Cuba Awaits The Pope

January 11, 1998|By John Rivera | John Rivera,SUN FOREIGN STAFF

That first piano almost didn't leave the United States.

Customs inspectors "demanded the pastors remove it because it didn't qualify as humanitarian aid," Treuhaft says. The pastors said that if the customs agents wanted the piano off, they'd have to carry it themselves.

The piano stayed in the shipment -- newly classified as humanitarian aid.

For several years, Treuhaft's project flew in the face of the U.S. trade embargo against Cuba. Although the project is licensed now, Treuhaft still faces a $10,000 fine from the Treasury Department for trading with the enemy.

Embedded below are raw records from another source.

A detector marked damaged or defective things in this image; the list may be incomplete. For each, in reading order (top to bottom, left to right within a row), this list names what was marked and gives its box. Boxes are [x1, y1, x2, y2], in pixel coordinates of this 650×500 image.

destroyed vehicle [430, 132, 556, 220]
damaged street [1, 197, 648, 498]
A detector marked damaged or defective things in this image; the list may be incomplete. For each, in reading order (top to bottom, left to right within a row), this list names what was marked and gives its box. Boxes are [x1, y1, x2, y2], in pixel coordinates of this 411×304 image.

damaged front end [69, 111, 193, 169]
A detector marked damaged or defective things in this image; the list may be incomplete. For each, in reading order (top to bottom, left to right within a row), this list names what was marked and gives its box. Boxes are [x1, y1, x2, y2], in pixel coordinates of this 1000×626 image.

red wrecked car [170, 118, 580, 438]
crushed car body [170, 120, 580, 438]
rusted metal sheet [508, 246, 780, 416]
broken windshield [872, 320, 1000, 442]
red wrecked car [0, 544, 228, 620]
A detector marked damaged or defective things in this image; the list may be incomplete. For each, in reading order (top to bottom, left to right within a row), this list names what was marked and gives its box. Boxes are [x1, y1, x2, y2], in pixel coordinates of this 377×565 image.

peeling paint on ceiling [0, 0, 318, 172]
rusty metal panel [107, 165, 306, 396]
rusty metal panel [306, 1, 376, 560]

But the Treasury Department hasn't pressed to get the money, he says.

Treuhaft says he sees his project as a strike against the decades-old trade embargo.

"It's not exactly a political act," he says. "It's an act of pi-anarchy."

'It's all about music'

But the colleagues he brings with him are here for the pianos.

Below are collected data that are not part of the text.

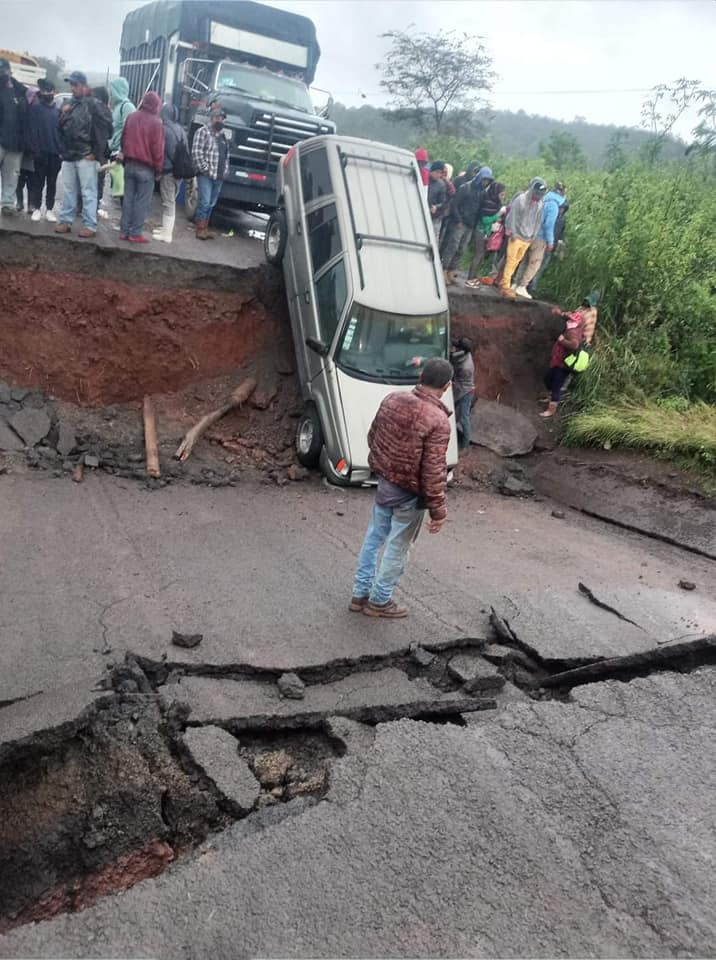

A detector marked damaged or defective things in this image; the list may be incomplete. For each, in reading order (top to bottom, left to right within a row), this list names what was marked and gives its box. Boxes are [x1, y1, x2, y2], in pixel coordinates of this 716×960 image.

large crack in pavement [0, 620, 712, 932]
cracked asphalt surface [1, 464, 716, 952]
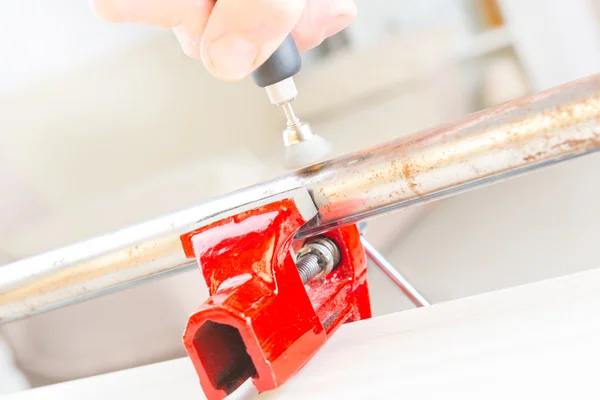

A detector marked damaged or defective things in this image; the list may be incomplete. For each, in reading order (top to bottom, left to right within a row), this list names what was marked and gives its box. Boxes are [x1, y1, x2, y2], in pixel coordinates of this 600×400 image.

rusty copper pipe [1, 73, 600, 324]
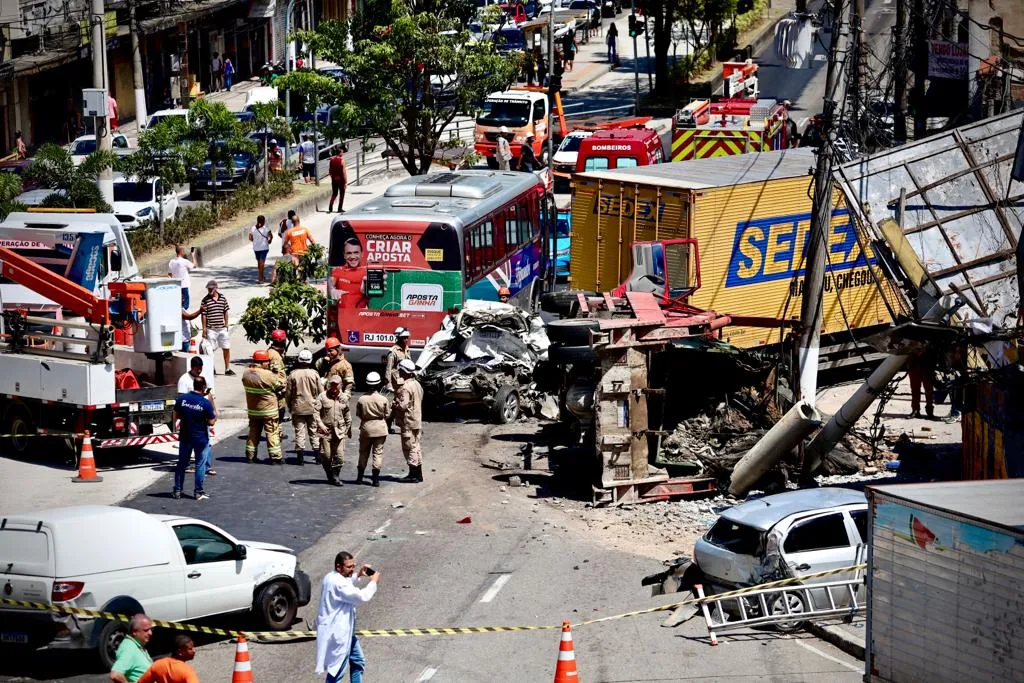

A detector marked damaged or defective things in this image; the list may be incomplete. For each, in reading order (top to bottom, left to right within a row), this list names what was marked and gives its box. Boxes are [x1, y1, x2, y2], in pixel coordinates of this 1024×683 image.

crushed car [414, 302, 548, 424]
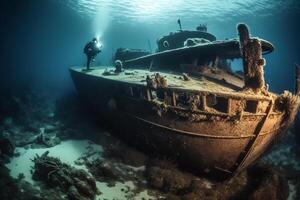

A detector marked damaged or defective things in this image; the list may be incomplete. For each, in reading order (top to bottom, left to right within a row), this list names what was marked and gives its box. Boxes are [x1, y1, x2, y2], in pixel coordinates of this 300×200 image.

rusted hull [69, 69, 290, 178]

"It's all about music. It's got nothing to do with politics," says Fred Hickman, who owns Hickman Piano Service in Annapolis.

This is the first trip to Cuba for nearly all the tuners and technicians. For artisans used to working on Steinway grands, they got quite a shock when they saw the instruments at the music school.

"The ones that have been here for a long time, they're the worst pianos I've ever seen," says Spike Taylor of Toronto. "A lot weren't good to begin with. They're usually Russian, and they weren't built for this climate."

"It's really primitive," Hickman says. "Most pianos are vulnerable because of wear, the humid climate and the termites. Termites have a field day here. It's the same thing that's eating the buildings."

One of the piano restorers is working on killing termites by wrapping the pianos in plastic, taking out the oxygen and filling it with nitrogen.

Then, Treuhaft says, they are searching for a method to prevent re-infestation.

So far, the best method they have found is rubbing the pianos with hot chili peppers.

Resilient students

Despite the poor conditions for piano preservation and music-making, the visitors say they were struck by the resilience the Cuban music students.

John Foy, a piano restorer from Greensboro, N.C., recalls taking a walk his first evening in Havana and hearing the strains of a Chopin etude. He stopped to sit in a courtyard and listen. Foy, who studied at the Oberlin Music Conservatory, recognized the etude as one of Chopin's more difficult.

"He was playing on a horribly tuned piano, but playing so well," Foy says. "It was really very touching."